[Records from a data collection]
* * *

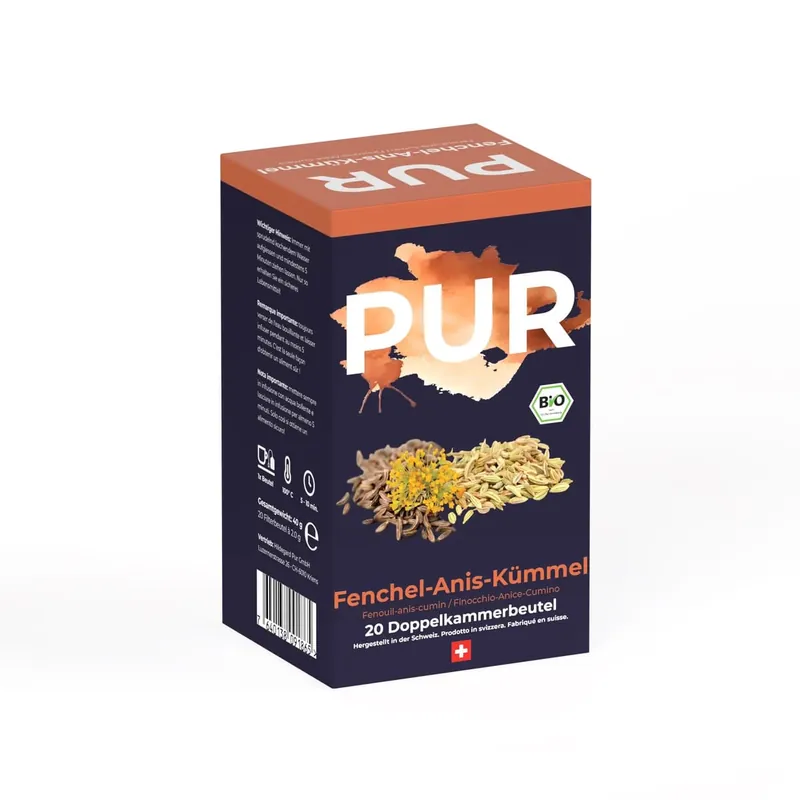 Jetzt Bestellen PUR Anis-Fenchel-Kümmel (20 Beutel)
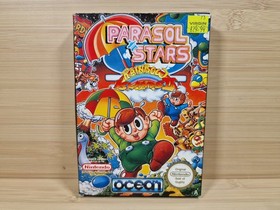 Sistema de entretenimiento Parasol Stars: Rainbow Island II NES Nintendo en caja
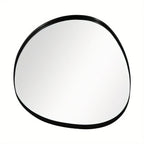 Metal Framed Mirror for Wall Modern Asymmetrical Unique Hanging Mirror Artistic Unique Oval Shape Wall Mirror Decor Bathroom Vanity Bedroom Living Room Entryway Hallway Small House Of Avana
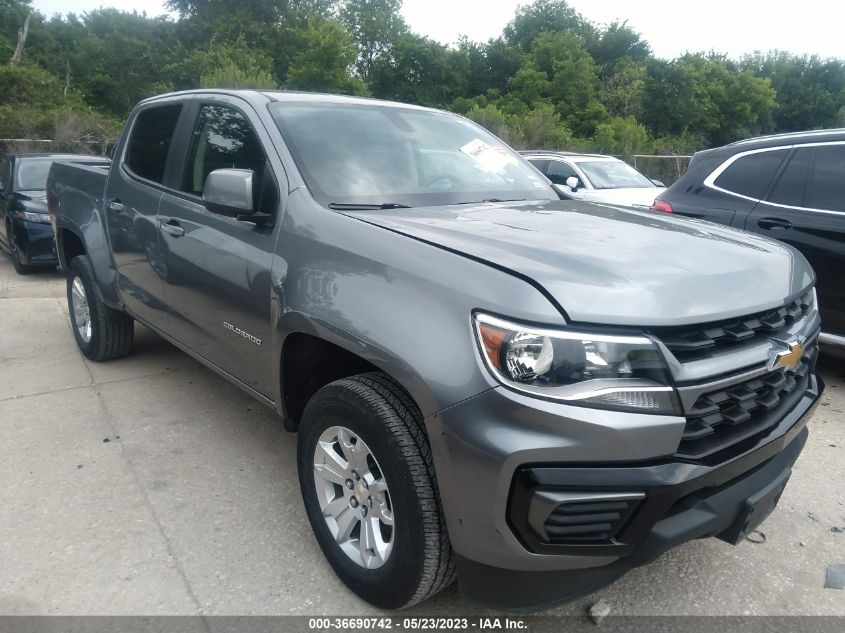 2021 CHEVROLET COLORADO 2WD LT - 1GCGSCEN0M1273017
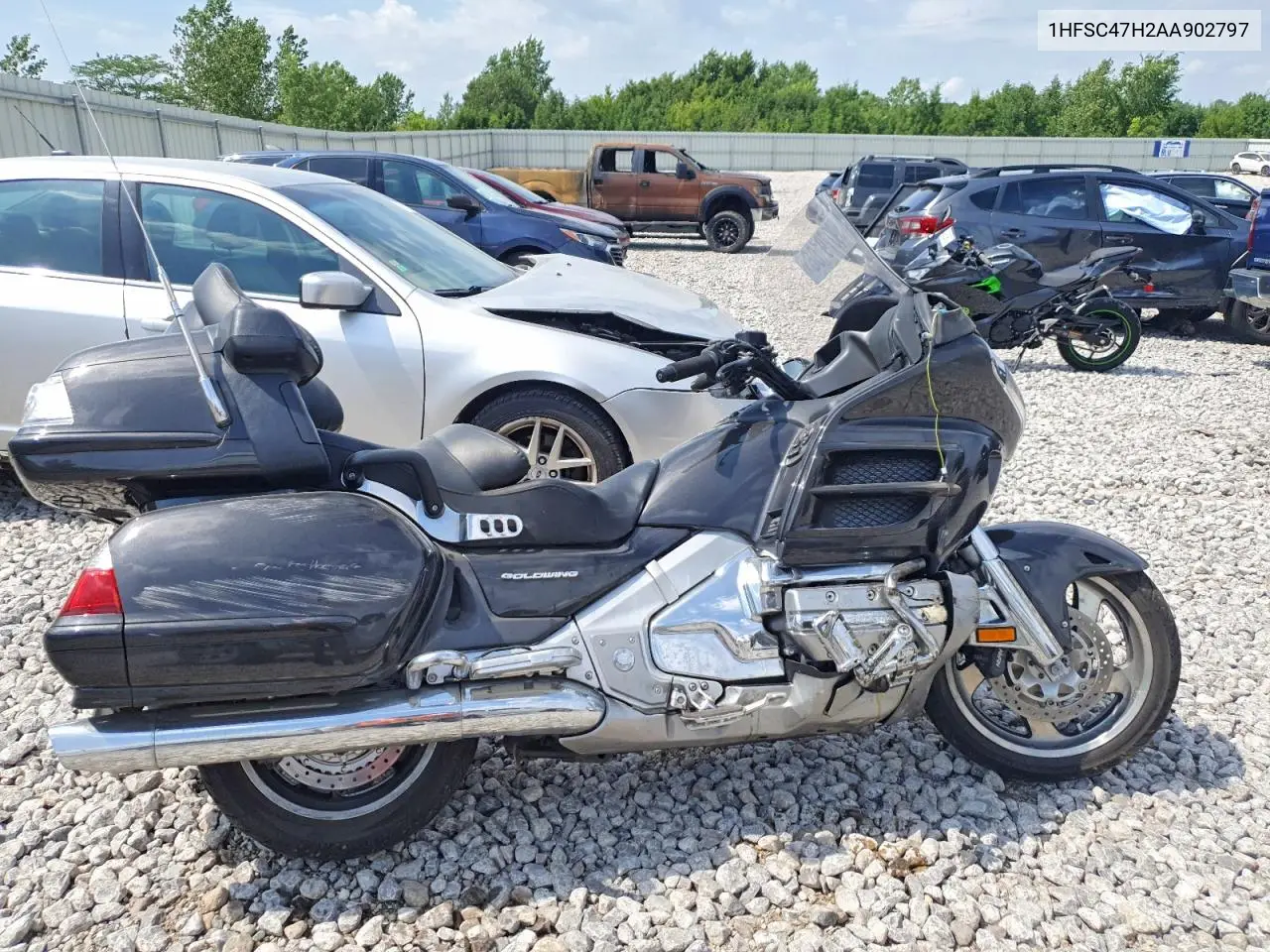 2010 Honda Gl1800 VIN: 1HFSC47H2AA902797 Lot: 59979106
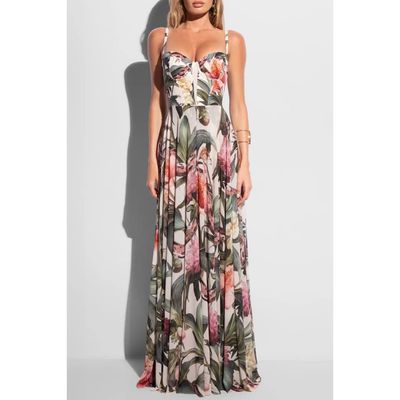 TA3 TA3 Mega Sculpting Push-Up Maxi Dress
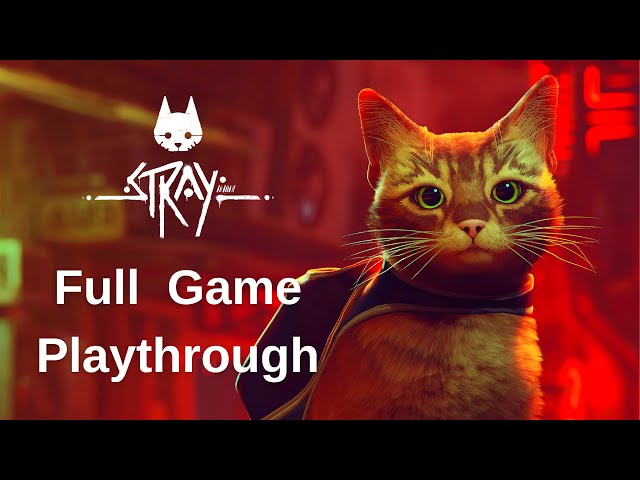 PS5™ STRAY the CAT game Gameplay Playstation®5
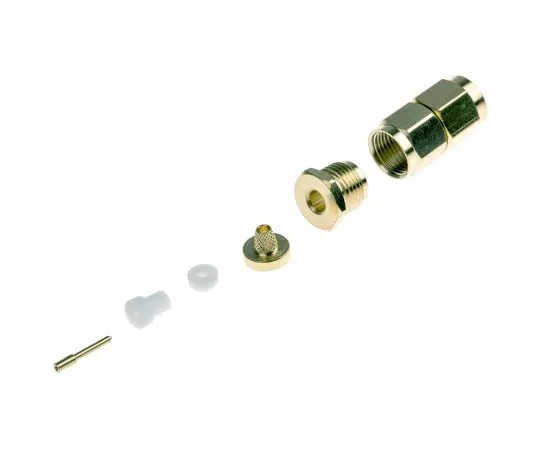 63-4858-32 RS PRO Straight Cable Mount SMA Connector, Clamp Termination RG174B 526-5842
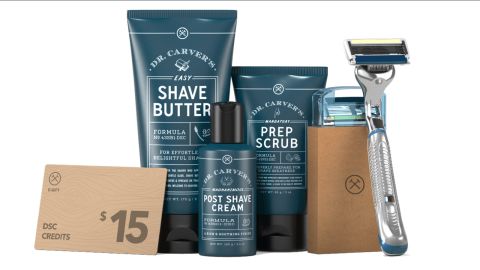 The <a href="http://redirect.viglink.com?type=bk&opt=false&u=https%3A%2F%2Fwww.dollarshaveclub.com%2Fgift%2Fsets%2Fcomplete-shave-gift-set&key=ed7eb6546c416eb284920d7a87c6d8c4" target="_blank" target="_blank">Complete Shave Set</a> gives you everything you need to trim a beard and more. ($50, originally $56; <a href="http://redirect.viglink.com?type=bk&opt=false&u=https%3A%2F%2Fwww.dollarshaveclub.com%2Fgift%2Fsets%2Fcomplete-shave-gift-set&key=ed7eb6546c416eb284920d7a87c6d8c4" target="_blank" target="_blank">dollarshaveclub.com</a>)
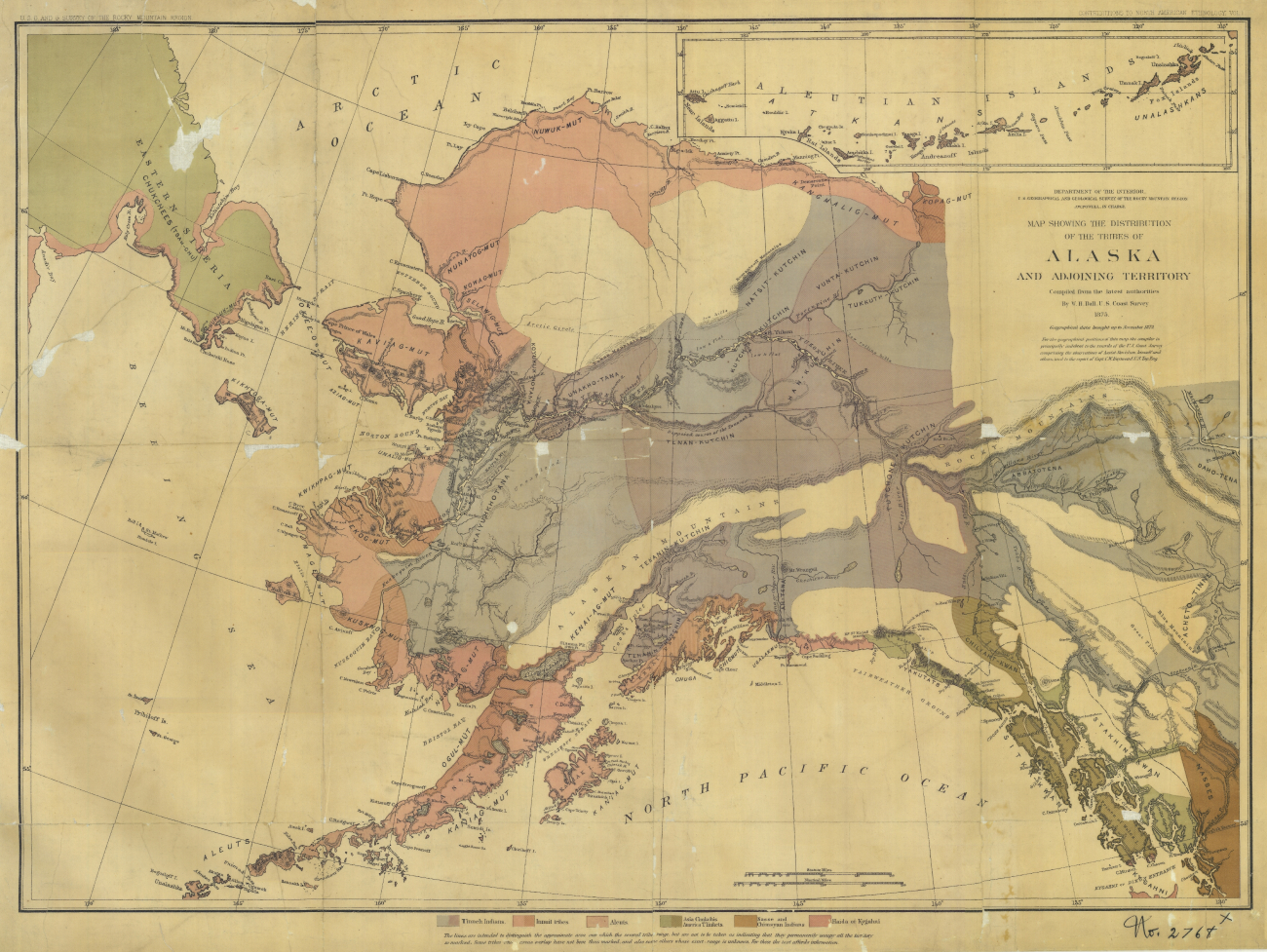 Map Showing the Distribution of the Tribes of Alaska and Adjoining Territory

* * *

Could you restate each record word for word, keeping the pictures out?

» **Written solution**:
 Jetzt Bestellen PUR Anis-Fenchel-Kümmel (20 Beutel)
 Sistema de entretenimiento Parasol Stars: Rainbow Island II NES Nintendo en caja
 Metal Framed Mirror for Wall Modern Asymmetrical Unique Hanging Mirror Artistic Unique Oval Shape Wall Mirror Decor Bathroom Vanity Bedroom Living Room Entryway Hallway Small House Of Avana
 2021 CHEVROLET COLORADO 2WD LT - 1GCGSCEN0M1273017
 2010 Honda Gl1800 VIN: 1HFSC47H2AA902797 Lot: 59979106
 TA3 TA3 Mega Sculpting Push-Up Maxi Dress
 PS5™ STRAY the CAT game Gameplay Playstation®5
 63-4858-32 RS PRO Straight Cable Mount SMA Connector, Clamp Termination RG174B 526-5842
 The <a href="http://redirect.viglink.com?type=bk&opt=false&u=https%3A%2F%2Fwww.dollarshaveclub.com%2Fgift%2Fsets%2Fcomplete-shave-gift-set&key=ed7eb6546c416eb284920d7a87c6d8c4" target="_blank" target="_blank">Complete Shave Set</a> gives you everything you need to trim a beard and more. ($50, originally $56; <a href="http://redirect.viglink.com?type=bk&opt=false&u=https%3A%2F%2Fwww.dollarshaveclub.com%2Fgift%2Fsets%2Fcomplete-shave-gift-set&key=ed7eb6546c416eb284920d7a87c6d8c4" target="_blank" target="_blank">dollarshaveclub.com</a>)
 Map Showing the Distribution of the Tribes of Alaska and Adjoining Territory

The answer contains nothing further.